Shelton zoning staff resolves six years of violations in six months

Ron Baia was recently hired as new zoning enforcement officer for the City of Shelton.

Ron Baia was recently hired as new zoning enforcement officer for the City of Shelton.

Brian Gioiele/Hearst Connecticut Media

SHELTON — The city’s new zoning enforcement officer has had a busy six months.

Ron Baia, who was hired in September, recently told the Planning and Zoning Commission that he and fellow office staff “caught up with the backlog of complaints and violations,” some of which remained unresolved for as many as six years. 

“We prioritized major violations and tasks, divided them into categories and worked our way through,” Baia said. “We have been successful in resolving numerous violations as well as removing ground signs that are not permitted or in compliance with the regulations.” 

Since September, Baia said zoning staff has gone into the field clearing unresolved complaints dating back to 2017 to ensure compliance. 

“All files, pre-2023, have been properly updated and officially closed,” Baia added. 

From September 2022 through early March, Baia said the department resolved 161 violations — including 21 unpermitted structures or uses on a site; 22 outside storage issues; 18 unregistered vehicles; 11 issues with roosters and chickens; 15 property line disputes; and 14 complaints about commercial businesses in residential zones. 

Baia said there are 18 pending complaints to be resolved. 

He added that more than 500 ground signs — between flag banners and lawn signs — which he called one of his pet peeves, have been removed city wide since his arrival. 

“We have taken a proactive approach to prevent an overload of residential zoning violations by creating door notice tags for minor violations,” said Baia, adding that the violations may stem from a formal complaint, or a potential violation observed by zoning staff or city officials. 

Door tag notices are orange and placed at a resident’s home if the homeowner is not available.
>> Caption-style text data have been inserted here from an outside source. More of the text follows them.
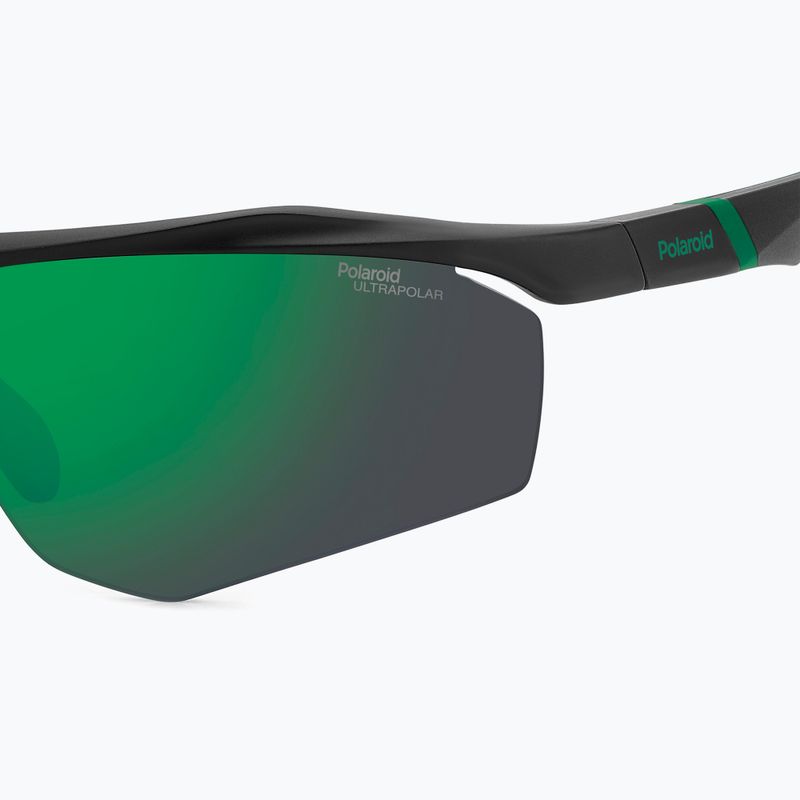 Pánské sluneční brýle Polaroid PLD 7055/S matte black green/green mirror polarized hc 7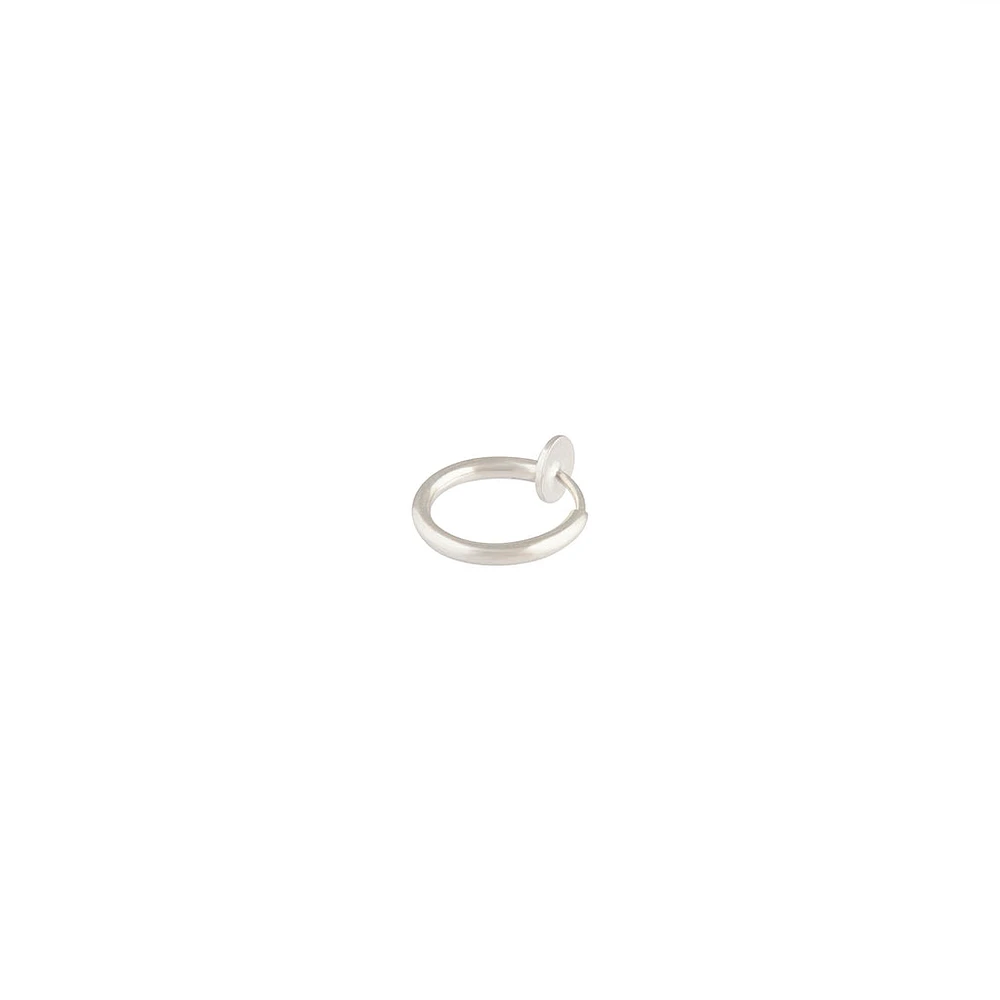 Silver Faux Body Ring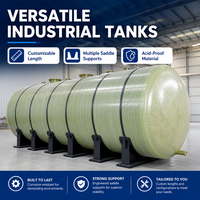 Réservoir de stockage d'eau en plastique renforcé de fibre de verre (FRP GRP) personnalisé, 5000 litres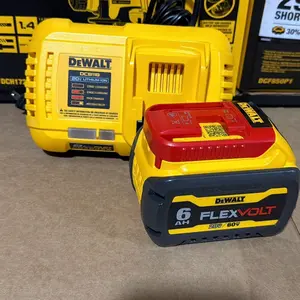 Cargador 8 amp fast charger con batería de 6 flex volt 20v 60v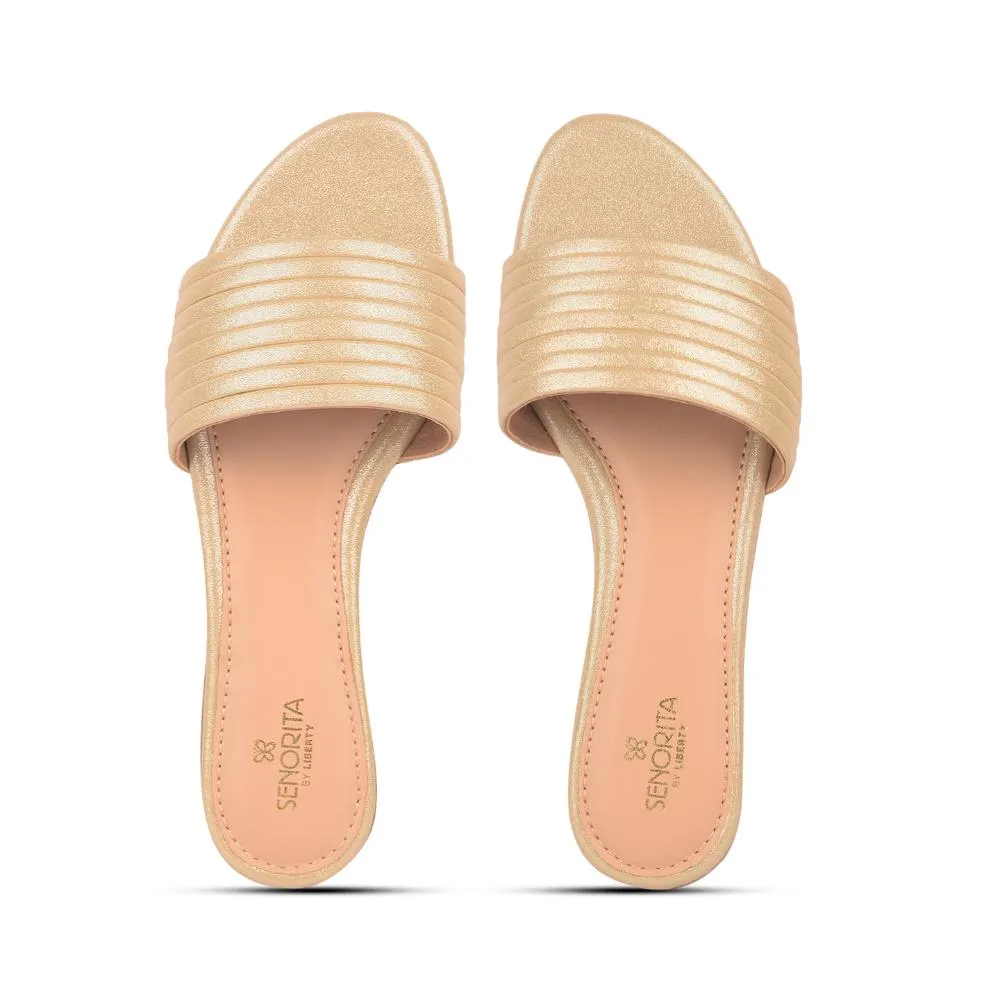 Senorita Casual Goldene Slides Damen STY-51E von Liberty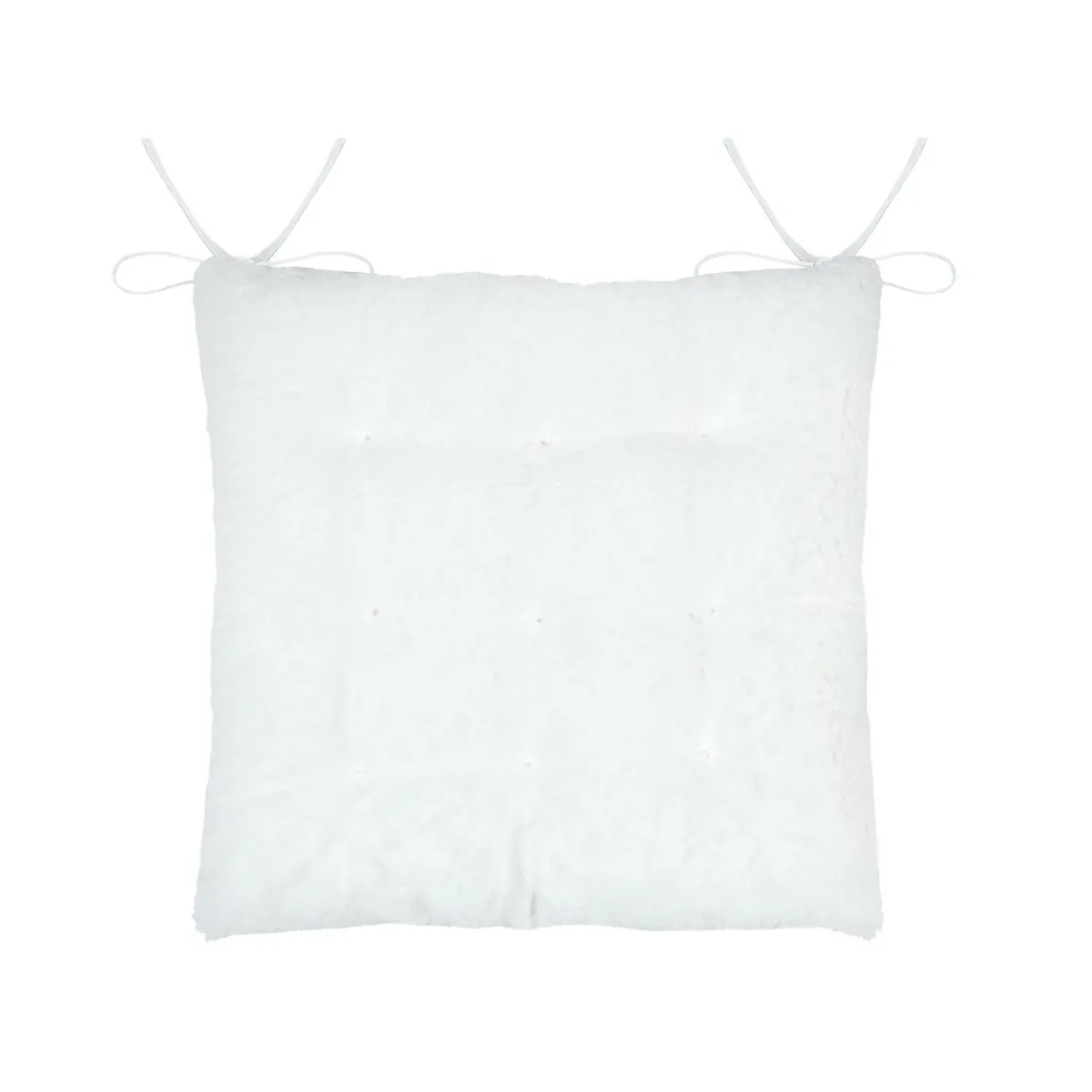 STOF Coussin de chaise carré fausse fourrure (40 x 40 cm) Asgard Blanc Hot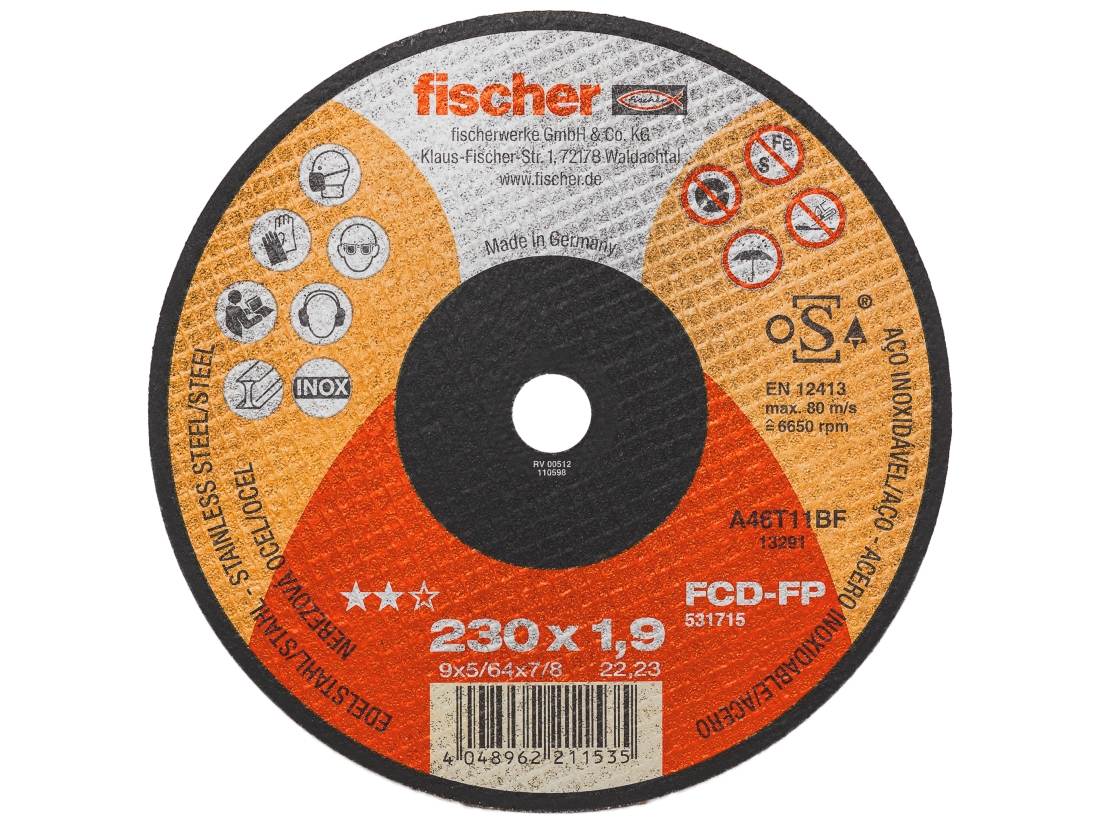 Fischer FCD-FP 230x1,9x22,23 plus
The notice asks the homeowner to contact the zoning enforcement officer for further information. 

“This has proven to be an effective approach in educating residents of the city’s planning and zoning regulations and assisting them in gaining compliance without the intimidation of an official zoning violation letter,” Baia said. 

The zoning department remains one of the most active in the city. In the past six months, the staff has approved 145 certificates of zoning compliance — 38 of which are for business occupancy; 19 for an attached addition; 17 for home office; 17 for signs; 16 for decks and nine for pools.